Dr. Edwin Vieira, Jr., Ph.D., J.D.
February 20, 2006
NewsWithViews.com

4. Some "conservatives" further contend that the President requires no license from Congress to employ "force" in "the war on terror" because he is "Commander in Chief," and therefore has "inherent" authority to take whatever actions he believes are appropriate to protect the country. In fact, though, the President's authority as "Commander in Chief" is highly limited. The Constitution appoints "[t]he President * * * [as] Commander in Chief of the Army and Navy of the United States, and of the Militia of the several States, when called into the actual Service of the United States." Article II, Section 1, Clause 1. But the Constitution also delegates to Congress--not to the President--the powers "[t]o make Rules for the Government and Regulation of the land and naval Forces," and "[t]o provide * * * for governing such Part of the[ Militia] as may be employed in the Service of the United States."

Article I, Section 8, Clauses 14 and 16. Plainly, then, the great bulk of authority the President may exercise over the Army, Navy, and Militia is neither "inherent" nor unlimited, but derivative and confined. Within other constitutional limitations, Congress may impose upon the Army, Navy, and Militia whatever rules and regulations for governance it considers necessary and proper; and the President must comply with those rules and regulations, if only for the practical reason that no member of the Army, Navy, or Militia may constitutionally follow a purported order from the President that contravenes valid Congressional directives.

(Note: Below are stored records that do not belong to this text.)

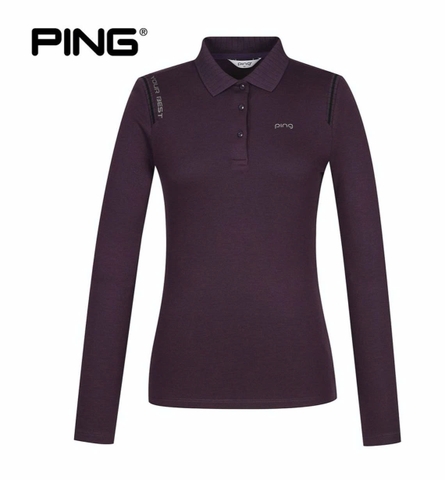 PING long polo red wine(a575)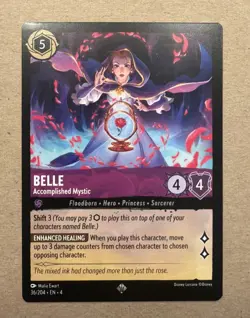 Belle - Accomplished Mystic Super Rare Ursula's Return 36/204 Disney Lorcana - Image 1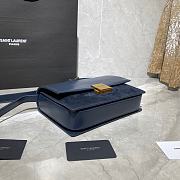 YSL Bellechasse Saint Laurent Medium In Smooth Leather And Suede (Navy Blue) 24cm 482044  - 5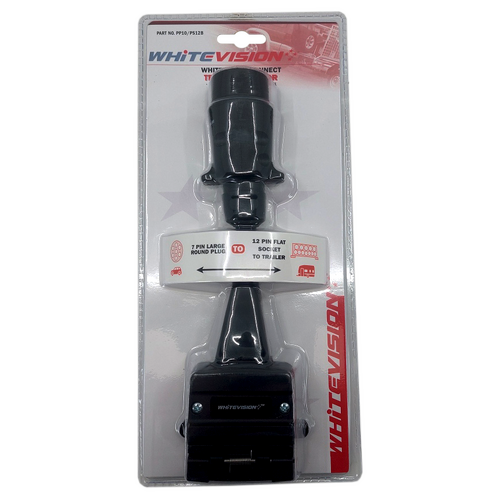 PP10/PS12B 7 Pin Large Round to 12 Pin Socket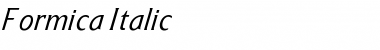 Download Formica Italic Font Title Preview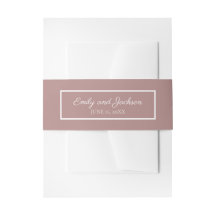 Moderne Roze Roos Witte Trouw Buikband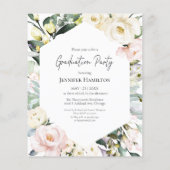 Einladung der Boho Foto Law School Graduation Part (Rückseite)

Thus, if Congress decrees that the Army, Navy, and Militia must provide due process with judicial review to determine if prisoners are actually "enemy combatants;" or that the Army, Navy, and Militia may not impose torture or other physical or mental pressure on prisoners; or that the Army, Navy, and Militia may not spy on Americans (or foreigners, for that matter); then such a declaration concludes the matter against every member of the Armed Forces and the Militia--including their "Commander in Chief"--because the Constitution says so.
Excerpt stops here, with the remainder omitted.